Nach dem Grillen ging es zum Bahnhof – Shimizu wartete. Baseball ist der Nationalsport der Japaner und anstelle von Fußbällen schenken Väter hier ihren Kindern Baseballhandschuhe und spielen Ballfangen mit ihnen. Trotz dieser Umstände hatte Shimizu schon sehr lange kein Spiel mehr gesehen und das galt es zu ändern. Die Ham Fighter sind dabei ein ernstzunehmender Gegner, welcher oft Erster oder Zweiter wird und viel Geld investiert. Yuka ging deshalb auch fest von einer Niederlage aus. Schon beim Erreichen des Stadions gab es die erste Überraschung: Das Stadion wurde nach dem Erdbeben stark renoviert und ist kaum mehr wiederzuerkennen. Unsere Plätze erlaubten uns auch, den VIP-Eingang zu nutzen und sie brachten uns sehr nahe ans Spielgeschehen. Der defensive Stil, der in Japan ausgeübt wird, schadete aber meinem Interesse. 2 Stunden ein Spiel zu schauen ist kein Problem, aber 3 Stunden ohne die geringsten Chancen waren schon hart. Auch die Fans könnten einiges von Vegalta lernen. So wurde in den 3 Stunden ganz selten und meist nur in den letzten 2 Innings gesungen. Das Spiel war aber auch so interessant, besonders bei den Plätzen, obwohl es nur ein 1:0 nach Verlängerung gab. Alle Anweisungen waren zu hören und Würfe zu sehen. Damit wir nicht so auffallen, besorgten wir auch gleich noch Schals und sahen so wie echte Fans aus. Nur nervig waren die Bierausschenker, welche nie Pausen machten. Nebenbei: In Deutschland wird ja bis zum Strich gefüllt, hier in Japan haben alle Mitarbeiter eine kleine Waage dabei, damit das Bier auch genau ausgeschenkt wird.

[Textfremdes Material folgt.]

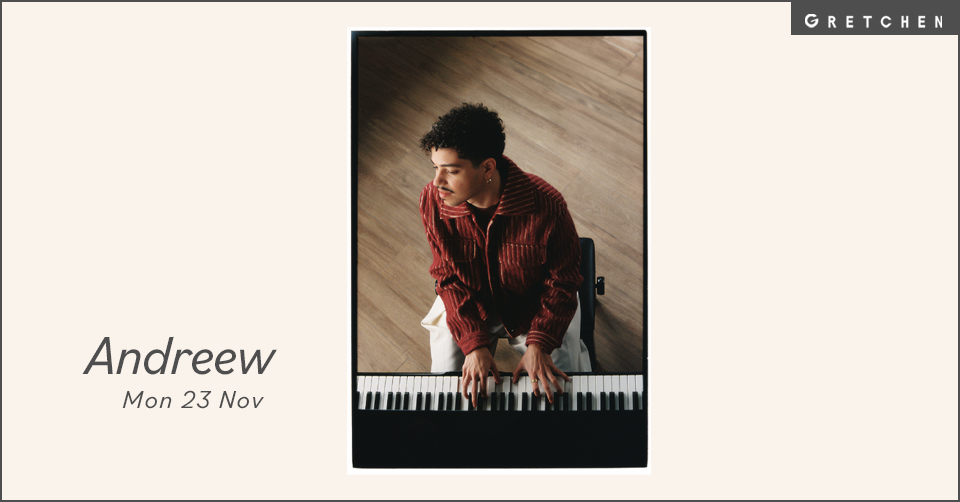 ANDREEW *live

Nach dem Spiel gingen Shimizu und ich noch leckere Ramen essen und fachsimpelten über die letzten Tage in Sendai. Wenigstens konnte ich Shimizu für morgen jetzt als Begleiter zum Bahnhof bekommen. Alleine könnte ich nicht garantieren, am Ende wirklich im Zug zu sitzen. Viel wichtiger als Rakuten fand Shimizu aber die Aussage, beim nächsten Deutschlandbesuch wieder den 1. FC Magdeburg zu sehen, die Propaganda scheint also gewirkt zu haben.